L’opera memoriale “5,7 km di grida nel silenzio” arriva a Lecce, ospitata dal 7 al 16 settembre 2026 nel suggestivo Chiostro del ’500 della Biblioteca Bernardini – ex Convitto Palmieri. L’iniziativa, che commemora oltre 20.000 bambine e bambini palestinesi uccisi nella Striscia di Gaza, sarà inaugurata lunedì 7 settembre alle ore 19.00 con un momento pubblico di letture e approfondimenti dedicati alla Palestina.
Il progetto, ideato e curato da Cristina Pedrocco ed Elena Gradara, nasce per trasformare il dolore in memoria e la memoria in testimonianza civile.

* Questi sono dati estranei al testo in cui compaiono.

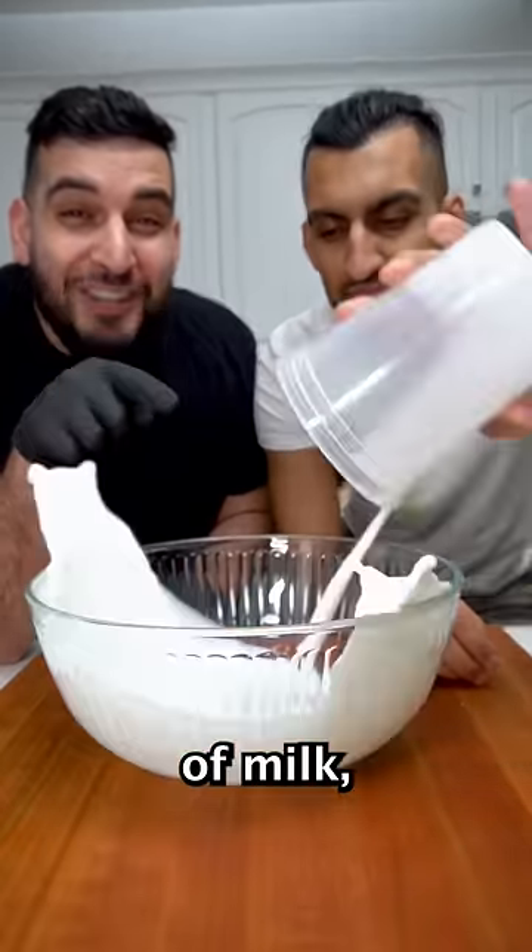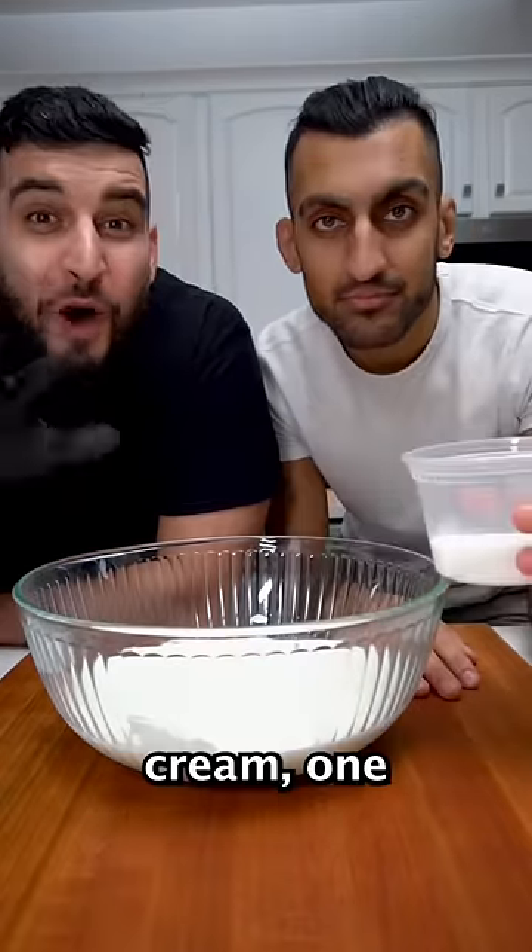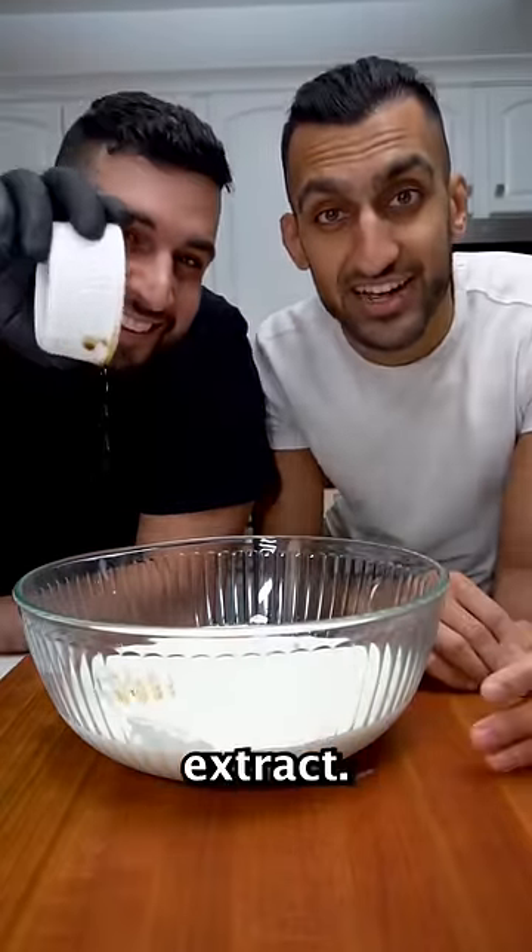First we want to mix together one cup of milk, two and a half cups of heavy cream, one cup of granulated sugar, and just a splash of vanilla extract.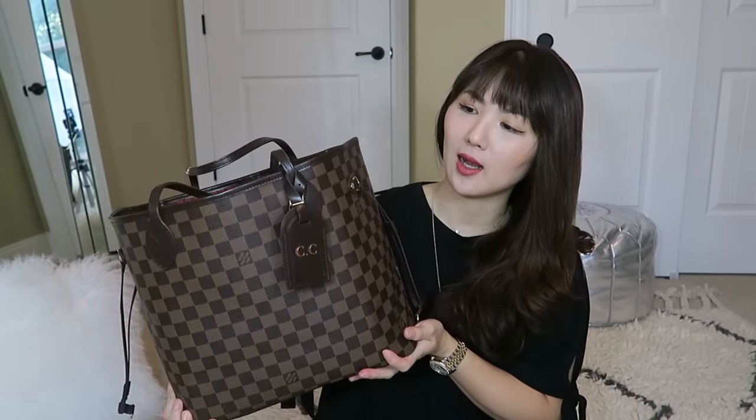This is the bag I've been rocking and loving. I've had it for a while now, but I mainly bought it to use as a diaper bag. I know it can be worn for school, work, and as a diaper bag — it can fit into anyone's lifestyle. It's very chic, Damier print. I love this print.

Attraverso una monumentale striscia tessile lunga 5 chilometri e 700 metri, l’opera intende restituire dignità e visibilità alle vite spezzate dalla guerra. Lanciata nel settembre 2025 con la call “Artisti tessili per Gaza”, l’iniziativa ha coinvolto oltre 400 gruppi di persone da tutta Italia, che su migliaia di pannelli hanno ricamato, scritto o dipinto i nomi delle giovani vittime, uniti poi in un unico memoriale.
Dopo aver toccato diverse città come Fusignano, Parma, Rosignano Monferrato, Milano, Torino, Monteprandone e Castiglione d’Otranto, l’esposizione giunge nel capoluogo salentino. Le foto dell’installazione a Castiglione d’Otranto sono state realizzate da Clara Zanoni.
L’iniziativa è il frutto della collaborazione con il Polo Biblio-museale di Lecce e la Biblioteca Bernardini, ed è organizzata e curata da diverse realtà attive sulla causa palestinese: G.U.S. – Gruppo Umana Solidarietà “G. Puletti”, Donne per la Palestina, Sciamu te paru, Fucina Salentina e Salento per la Palestina.
Info per visitare la mostra
- Inaugurazione: 7 settembre 2026, ore 19.00
- Periodo esposizione: dal 7 al 16 settembre 2026
- Orario di apertura: 08.00 – 20.00
- Luogo: Chiostro del ‘500 della Biblioteca Bernardini – ex Convitto Palmieri, Lecce
L’obiettivo delle promotrici è proseguire il percorso espositivo del memoriale in piazze e spazi culturali, per mantenere viva la memoria di questi nomi. L’intenzione finale è affidare l’opera a un’istituzione permanente che ne garantisca la conservazione e la funzione commemorativa nel tempo, inserendosi in un più ampio movimento internazionale di solidarietà civile e promozione dei diritti umani.